As an example of large-scale software development, many ERP projects still fail [5, 6] despite having been studied extensively over the past thirty years. The studies have mostly focused on success and failure factors, short-term activities, and technical issues. We take an alternative view. We focus on collaboration practices between the software developers and their customers in a large-scale ERP development project, during which different incidents take place over extended period of time. We try to understand why the project failed despite several seemingly successful attempts to recover from different incidents and crisis.

The paper is organized as follows. First, we will present our research methods and the case description.

Second, we will summarize our findings and reflect them to the literature. Finally, they are discussed in a broader context so that conclusions can be made.

2. Methodology

This case study focuses on an ERP system renewal project, taking place 2007-2014. We conducted 16 qualitative interviews in the large manufacturer company (12 interviewees) and the smallish ERP vendor (4 interviewees). The interviewees were from customer IT (Corporate CIO, ICT manager, and three technical persons), customer business (five managers and two end-users), and vendor organization (CEO and three developers), each having participated in the ERP system renewal within the last few years. The interviewees were selected by using snowball sampling, i.e. each person recommended new interviewees [7]. We asked each interviewee to tell their story about the project, its progress and challenges from his/her perspective. These stories, lasting about 49 minutes on average, were audio recorded.

By inductively and iteratively analyzing the qualitative stories [8, 9] it became evident that there were four different drivers of collaboration, each dominating in different points of time. This analysis was initially done by the first author, and later collectively discussed among all authors. Our findings will be discussed next.

3. Case study

The customer organization manufactures consumer products in Northern Europe. They have 4500 employees, with annual worldwide sales of 1400M€

(2016). Over the years, the company has grown by mergers and acquisitions to more than 3000 sales offices in 62 countries. In 2008, they identified a need to renew their sales process and its systems support, namely ERP.

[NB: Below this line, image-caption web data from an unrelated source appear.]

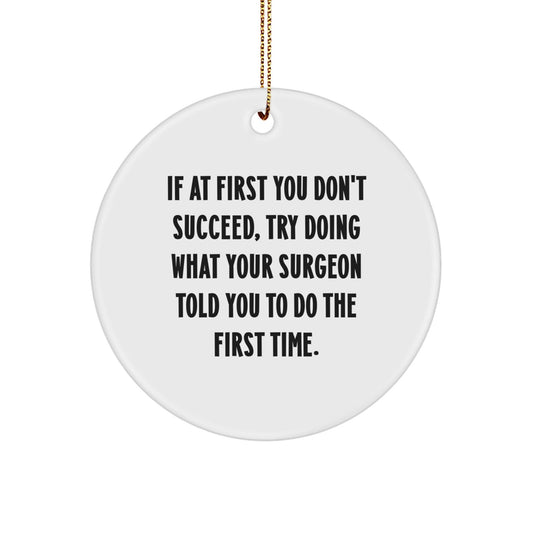 Surgeon Circle Ornament, Funny Quote Gift for Surgeon Friends from Men, Christmas Unique Gifts for Surgeon at Home - The Buy Boom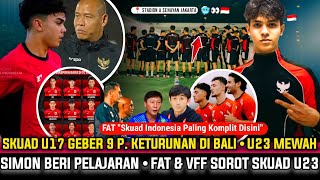 🔴 LANGSUNG DI GEBER! Latihan Perdana U17 Termewah Dibali~9 Pemain Keturunan Disambut~U23Jadi Sasaran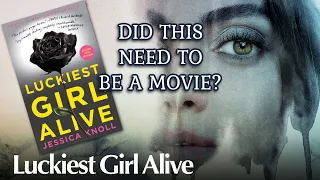 Luckiest Girl Alive | Book vs. Movie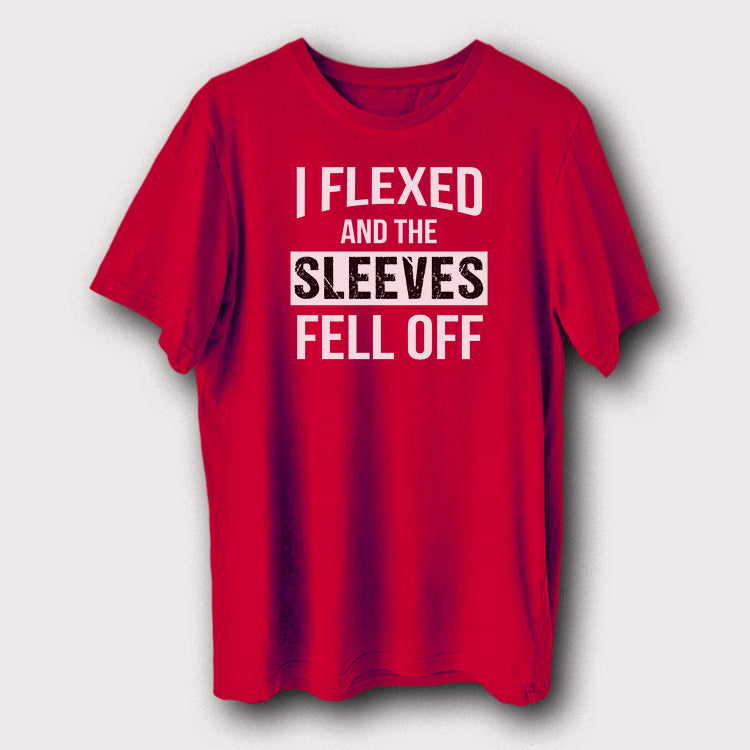 I Flexed And The Sleeves Fell Off Gym Bodybuilding Weight Lifting Men's T-Shirt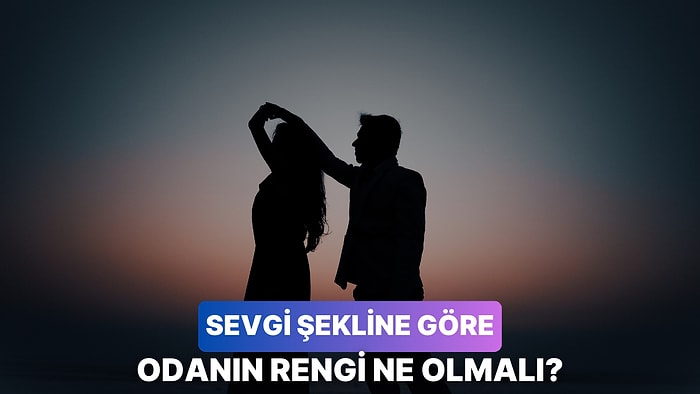 Sevme Tarzına Göre Odan Ne Renk Olmalı?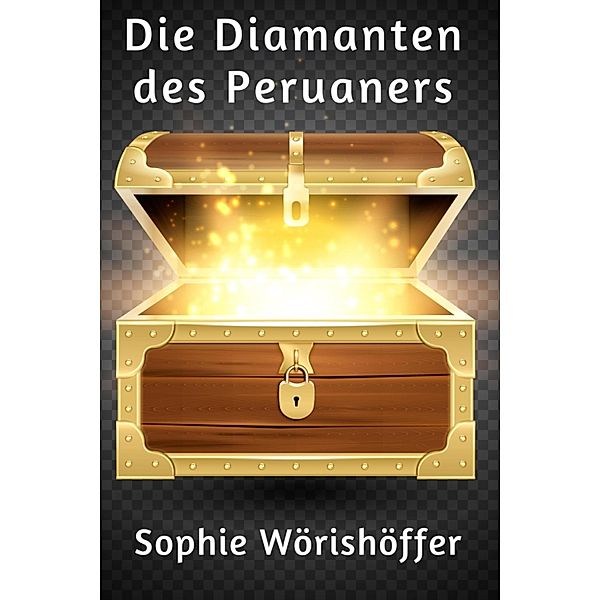 Die Diamanten des Peruaners, Sophie Wörishöffer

The customer organization (hereafter a customer) had a joint history with their ERP provider, dating back to 1997. The vendor had developed and designed a tailored ERP that had been in use ever since. Selecting a renewal partner was thus based on a fact that “they knew our processes already” (Customer CIO).

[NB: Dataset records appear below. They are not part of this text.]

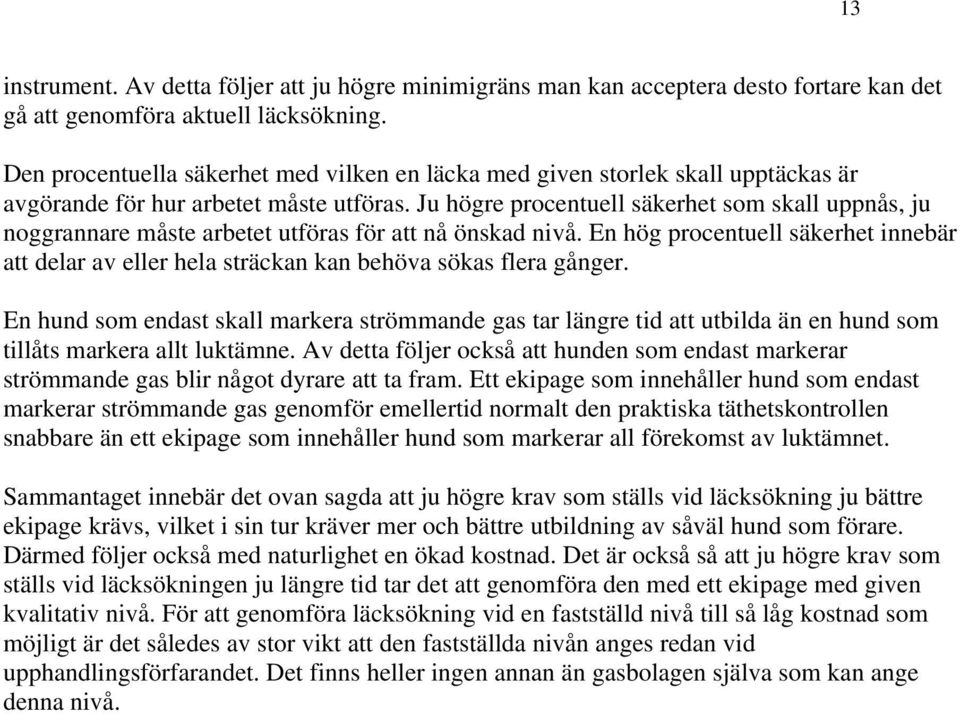 Ju högre procentuell säkerhet som skall uppnås, ju noggrannare måste arbetet utföras för att nå önskad nivå.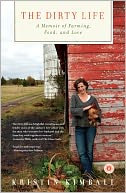 The Dirty Life: A Memoir of Farming, Food, and Love
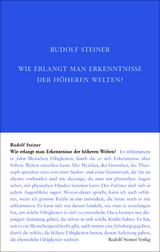 Wie erlangt man Erkenntnisse der höheren Welten? - Rudolf Steiner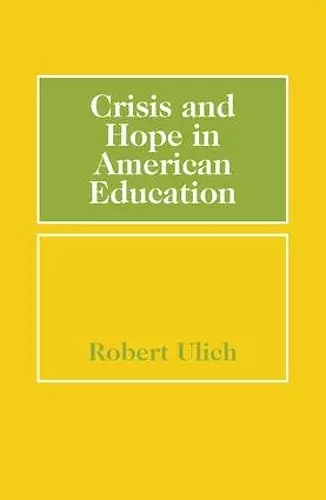 Crisis and Hope in American Education cover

Our case story begins in 2008. The old ERP system did not meet the customer’s needs and expectations, and it was perceived as technologically outdated. The customer and vendor mutually agreed on a renewal project (hereafter the project). A contract was signed. It defined the project objectives, used technologies, modes of project collaboration – and the use of the old ERP as a basis for requirements specification. This approach turned out to be quite problematic. Customer IT support articulated that “the specification that is done with the vendor can be just email conversations” while the vendor had similar experiences: “Customer has been using the old version, and when the specifications were fixed, many things have been left unspecified. Of course, it has been assumed, by default, that they will be the same as earlier' (Vendor Senior designer). No one was pleased with the situation. It is worth noting here that this is similar to the idea that one would use one platform APIs and services as requirements for a new platform. This can work in a pure transition from one highly standardized platform to another, but not in a renewal or major upgrade, or in a radical process change.

Nevertheless, the contract, largely a standard agreement between the parties, was signed. It was written more like a memorandum of understanding rather than a binding and limiting agreement. This loose approach was perceived appropriate because of the existing long-term partnership and practices. The vendor started to develop a new system.

Then the global economy declined. The project was halted for two years, until June 2010. But the company growth did not stop. Its internationalization continued with acquiring more sales offices around the world. This meant a change in needs and requirements for the new ERP. The old ERP lost its role as an example for necessary functionality. To convey new needs and requirements to the vendor, the customer assigned a project manager to work closely with the vendor. This changed the relationship between the organizations profoundly. Instead of entering a time-consuming re- negotiation about the contract, they continued the project with a mutual understanding of what was the target. The project was driven by the will to collaborate, not by the formal contract.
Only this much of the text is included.